--- THE DATA ---

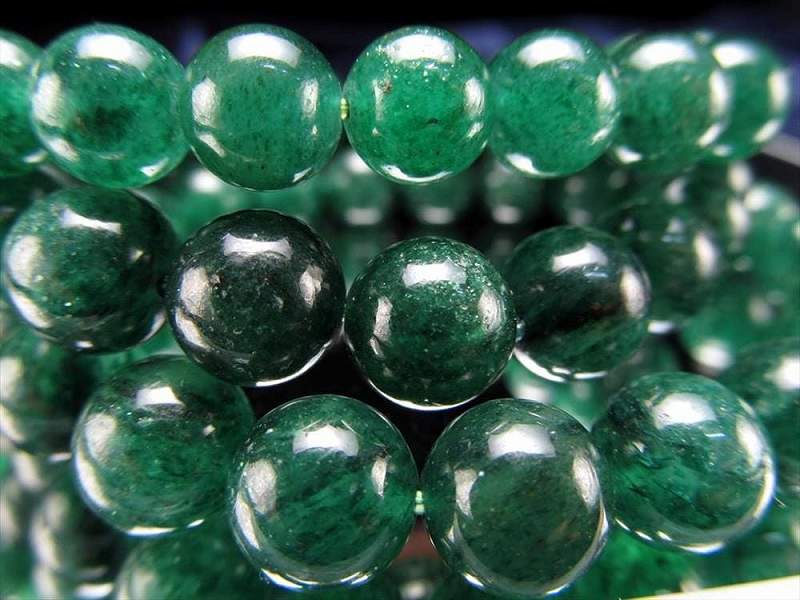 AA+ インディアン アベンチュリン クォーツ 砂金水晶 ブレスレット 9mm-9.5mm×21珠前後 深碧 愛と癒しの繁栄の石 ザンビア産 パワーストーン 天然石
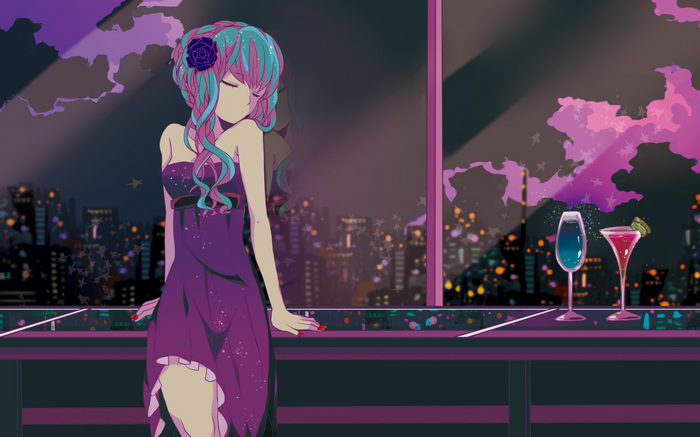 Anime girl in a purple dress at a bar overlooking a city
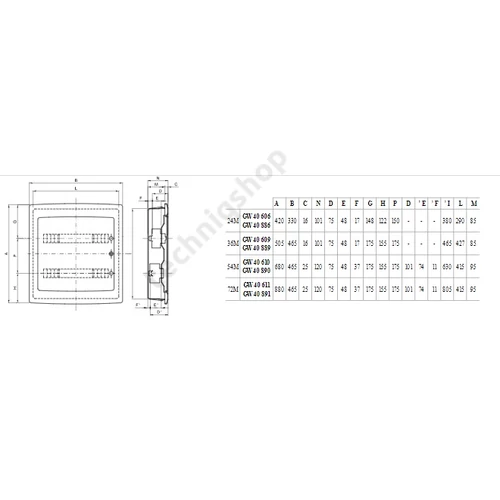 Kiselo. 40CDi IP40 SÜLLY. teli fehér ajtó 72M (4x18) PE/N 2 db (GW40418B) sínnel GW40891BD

--- EXERCISE INSTRUCTIONS ---
Without any pictures, please write out the lines from the one containing "Anime girl in" through the final line of the data, exactly and inclusive of both ends.

--- TASK RESPONSE ---
 Anime girl in a purple dress at a bar overlooking a city
 Kiselo. 40CDi IP40 SÜLLY. teli fehér ajtó 72M (4x18) PE/N 2 db (GW40418B) sínnel GW40891BD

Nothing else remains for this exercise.